As well as “a declaration that the findings of the NJC Investigation Committee chaired by the 4th Defendant as contained in the ‘Investigative Panel Report’ dated 6th July 2011 submitted to the 1st Defendant and addressed to the 2nd Defendant, Justice Dahiru Musdapher, are perverse, unreasonable, and violates the fundamental rights of the Plaintiff to fair hearing, guaranteed under Section 36 of the 1999 Constitution (as amended) and the African Charter on Human and Peoples Right”.
He is also praying the court to invoke its original jurisdiction and set aside the proceedings and findings of the NJC Investigation Committee contained in its report dated 6th day of July, 2011, the recommendations of the Justice Ibrahim Auta led panel and all actions, decisions, proceedings and administrative directives arising from or based on such recommendations.
On the allegations of ‘judicial recklessness’ he earlier leveled against the CJN in relation to the Sokoto State gubernatorial election appeal in 2007, Justice Salami urged the trial court to issue “a declaration that the 3rd Defendant, CJN, has no power under the Constitution of the Federal Republic of Nigeria 1999(as amended) to issue as administrative directive halting or purporting to halt the delivery of judgment by panel of the Court of Appeal in a Governorship Election Petition and that any exercise of such power by the 3rd Defendant is ultra vires and in breach of the combined effect inter alia of Sections 6, 232, 233,234, and 246 of the said Constitution”.
Even as he has urged the High Court to “restrain the NJC, its acting chairman, Justice Musdapher, and the CJN, their agents, servants and / or privies and all functionaries of the 1st Defendant or otherwise, howsoever, from acting on, relying on, recommending or taking or further taking any action or decision whatsoever in respect of the findings of Abdullahi and the Auta Panels.
Issue “an order setting aside the warning letter dated 9th August, 2011 Ref.

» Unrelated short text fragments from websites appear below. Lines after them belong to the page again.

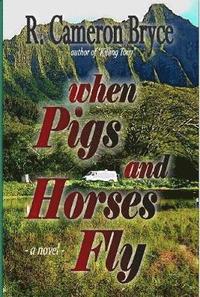 bokomslag "When Pigs and Horses Fly"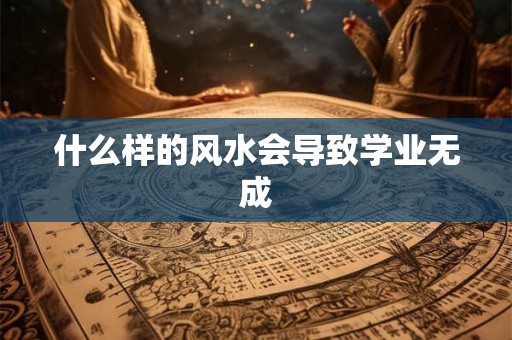 什么样的风水会导致学业无成 什么样的风水会导致学业无成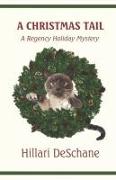 A Christmas Tail: A Regency Holiday Mystery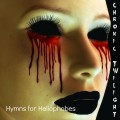 Buy Chronic Twilight - Hymns For Heliophobes Mp3 Download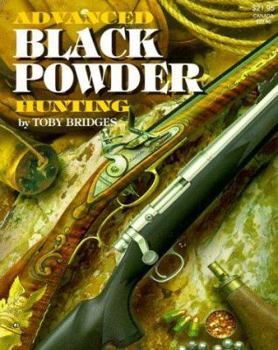 Paperback Advanced Black Powder Hunting Book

No: NJC/f.2/CA1/1/273 written by the NJC to the Plaintiff.
“A perpetual injunction restraining the 1st, 2nd, and 3rd Defendants from taking any or further action, reaching any conclusions or issuing any directive(s) in any form whatsoever in respect of the various petitions written against the Plaintiff in respect of which the 4th Defendant’s (Abdullahi) Panel was set up by the 1st and 2nd Defendants.

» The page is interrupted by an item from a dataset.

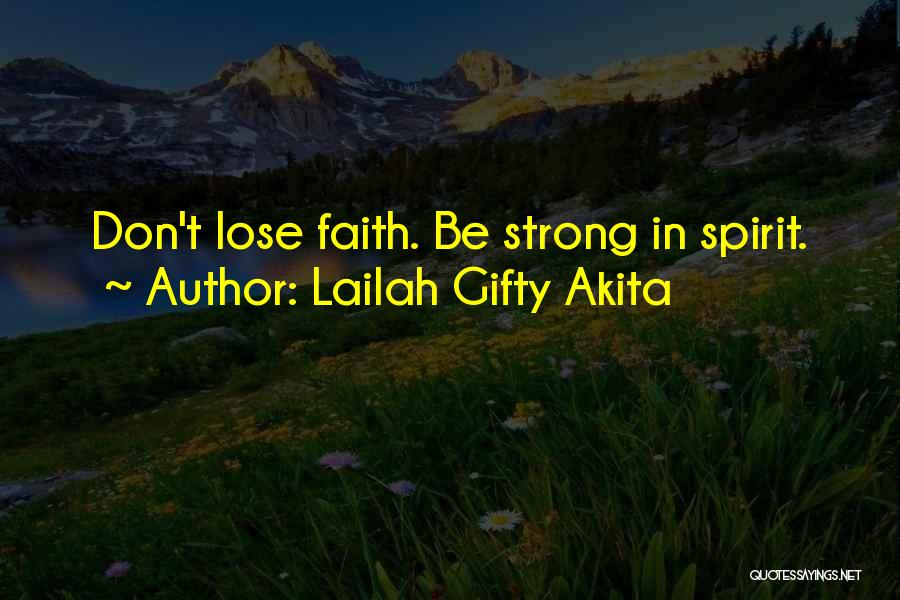 Don't Lose Faith In Yourself Quotes By Lailah Gifty Akita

Likewise “a perpetual injunction restraining the 1st, 2nd, and 3rd Defendants from taking any or further action, reaching any conclusions or issuing any directive(s) in any form whatsoever in respect of the findings and recommendations of the NJC Investigation Committee chaired by the 4th Defendant and the three-man (Auta) Panel chaired by the 9th Defendant.”